En consecuencia, bajo las órdenes de Maduro, se dieron a la tarea de manipular las escenas de crueldad hasta el punto de convertirlas en los antípodas, es decir, en una operación comedida con el objeto de salvaguardar el orden desbordado según el cálculo de los enemigos de la patria. Entonces los demócratas se convirtieron en factores conscientes de destrucción y los verdugos se hicieron custodios compasivos del pueblo. No hubo persecución de los asesinos, ni de los violadores de los derechos humanos, o los buscaron en el sitio ocupado por los manifestantes. Como no existían evidencias susceptibles de apoyar la tergiversación de los hechos, las fabricaron de la nada o las obtuvieron mediante tortura. El caso del juicio de Leopoldo López, una de las causas más indecentes e insostenibles en la trayectoria de nuestros tribunales, resume la frialdad de las tramas que entonces fraguaron para salvar la responsabilidad del jefe del Estado y de sus secuaces en los desmanes de ese febrero trágico. Maduro y sus subalternos cambiaron la historia para lavarse las manos ensangrentadas que podían colocarlos, sin atenuantes, en el banquillo de los culpables.

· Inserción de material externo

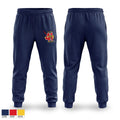 Ladder 41 1186120 Sweatpants - 1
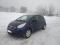 Kia Venga - 2011 г. в.. Фото 2.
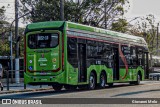 Himalaia Transportes > Ambiental Transportes Urbanos 4 1121 na cidade de São Paulo, São Paulo, Brasil, por Giovanni Melo. Número da foto: #:id.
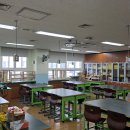 창천중학교 이미지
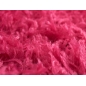Tricot Piumetta - Struisvogelveren - Kleuren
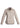Womens Lightweight Tradie Long Sleeve Shirt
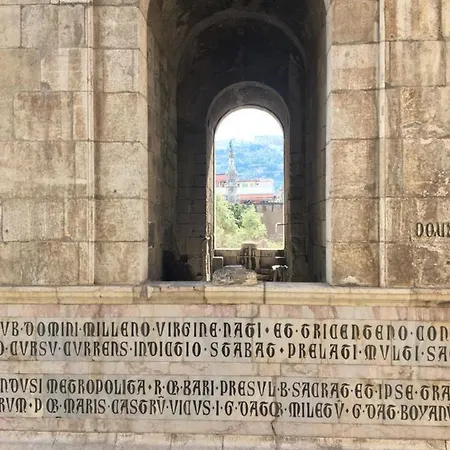 Maria Rosaria A Santa Chiara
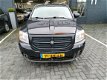 Dodge Caliber - 2.0 SE AUTOMAAT ( LICHTE SCHADE ) - 1 - Thumbnail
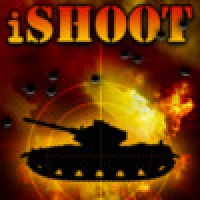 iShoot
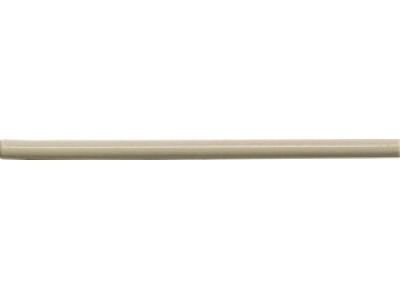 CERAMICHE GRAZIA Бордюр IMPRESSIONS COPRISPIG.1,2X27,9 CAPPUCCINO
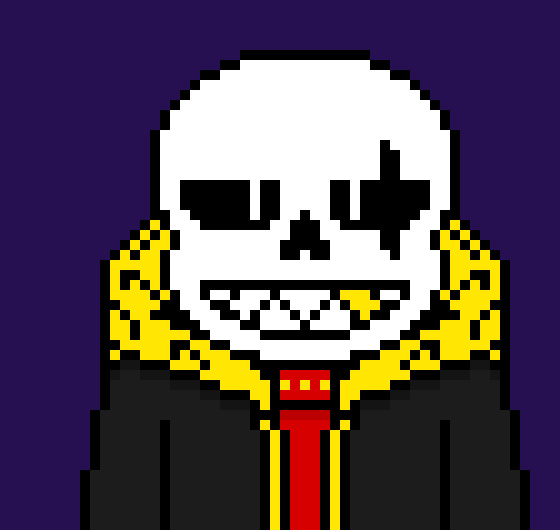 [b0efee] you did it again, didn't you? your an ass, you know that right?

La Ley de Amnistía encuentra origen en la memoria de esa cadena de crímenes sin castigo y en la necesidad de lavar la reputación de quienes fueron calificados como delincuentes de manera torva. Busca espacios para la concordia, absolutamente necesarios en la atmósfera de crispación que vivimos, pero también mueve los recuerdos hacia actos de inhumanidad que el régimen debe ocultar necesariamente. Maduro no puede permitir que el repaso de sus sombras le dé un trompicón mortal.